I also already knew why the customer was searching. They were seeking meaningful literature from their own personal histories.
Stories give us a chance to see and think about things in new ways, and in the best circumstances, they allow us to think about ourselves in new ways. And sometimes, some few resonating books that we happen upon at exactly our own personal most open-minded moments can be direction changing.
Words presented in just the right combination and cadence, in exactly the right setting at the perfect moment of open-minded thought have the power to help us unexpectedly learn and grow in new ways.
We experience a magical moment.
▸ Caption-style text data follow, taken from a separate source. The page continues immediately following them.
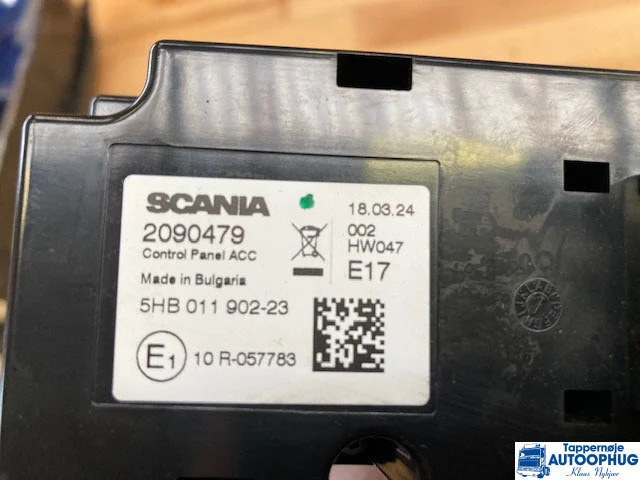 Scania 2090479 / 2819142 Climate control - Электрическая система для Грузовиков: фото 1 Scania 2090479 / 2819142 Climate control - Электрическая система для Грузовиков: фото 1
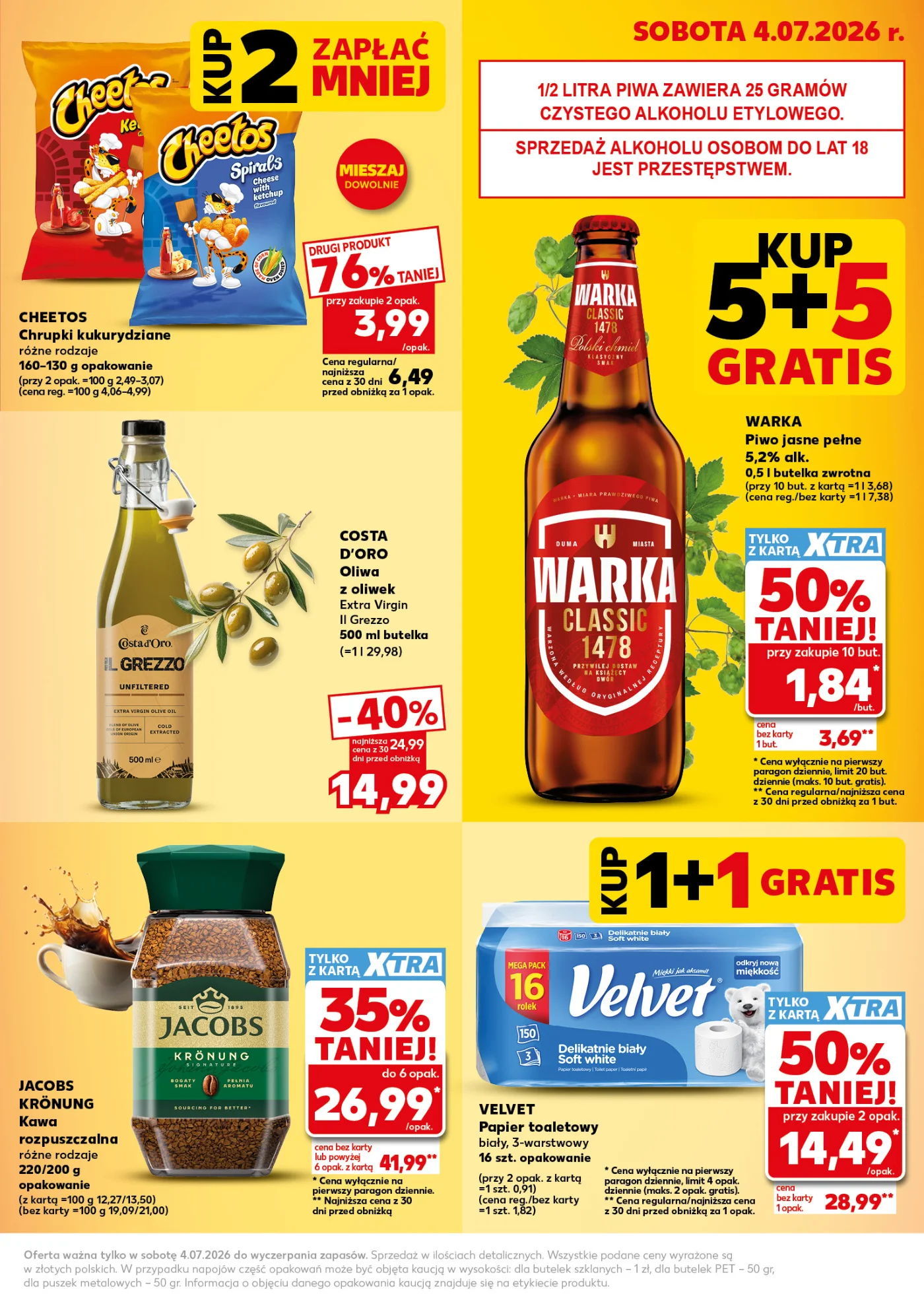 Gazetka promocyjna Kaufland str. 3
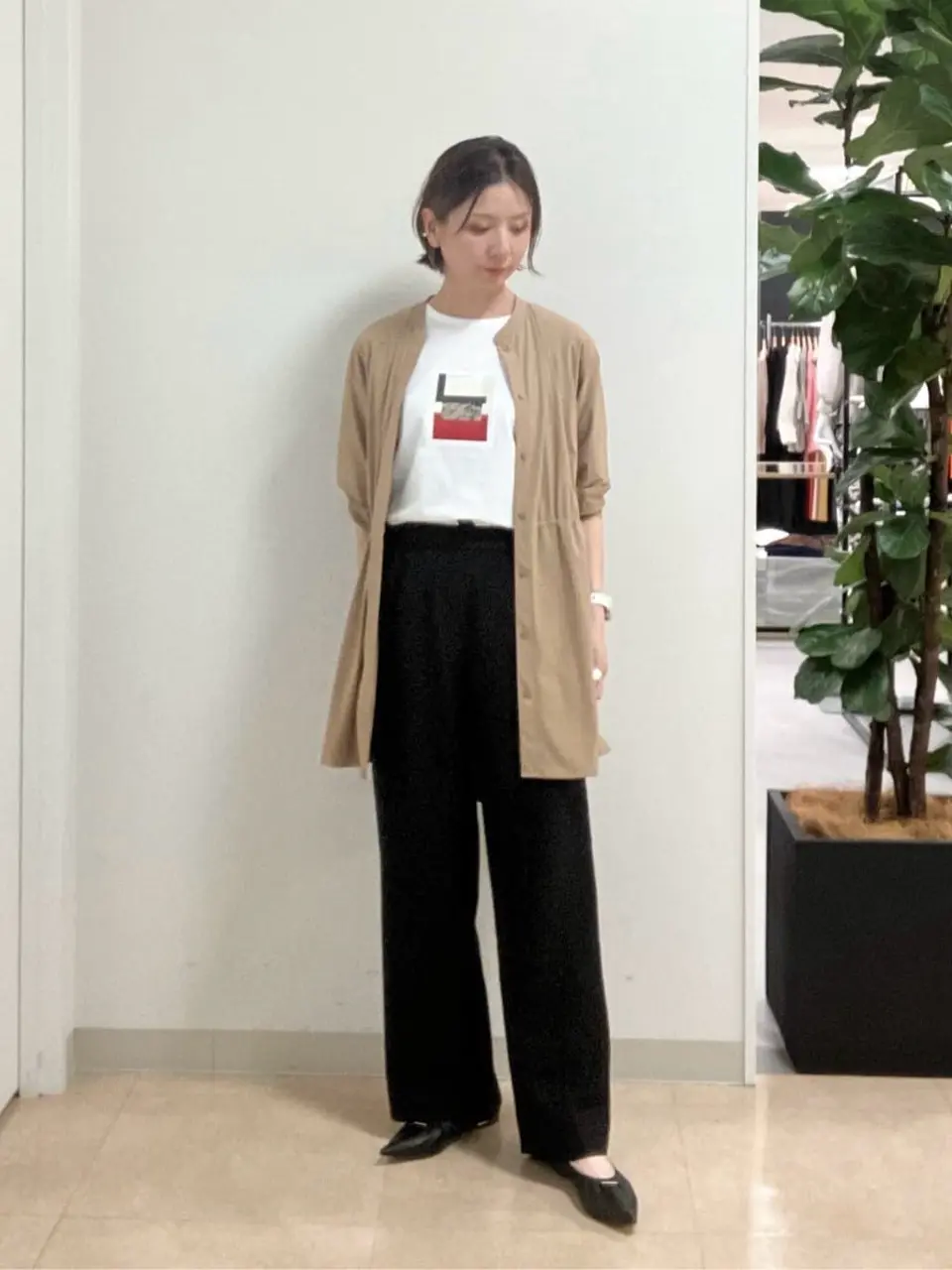 ICB スタッフ コーディネート画像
We are suddenly still and silenced while our thoughts and beliefs are unexpectedly opened to new possibilities. This moment often leads us to the famous magical utterance, “Huh, I never thought about it like that!”
I always felt bad for my unsatisfied book-seeking customers. They would leave the bookstore a little more defeated in their ongoing search.
I am looking for a story too. I have been feeling an increasingly strong need to find it. It represents a reading turning point for me; the moment I realized the thought provoking power of a well-told story. My continued persistence proves how resonating a story can be. I have been asking about it casually for years.
But now, I am girding my loins. I am starting my search.
I metaphorically step up to the Information desk.
Excuse me, I’m looking for a story about a man who wanders out of his house one day mistakenly leaving his glasses behind.
Outside he becomes lost in a world made magical due to his lack of vision. He wanders through familiar neighborhoods amazed by what he sees.
I really want to find that book.
I think it had a yellow cover.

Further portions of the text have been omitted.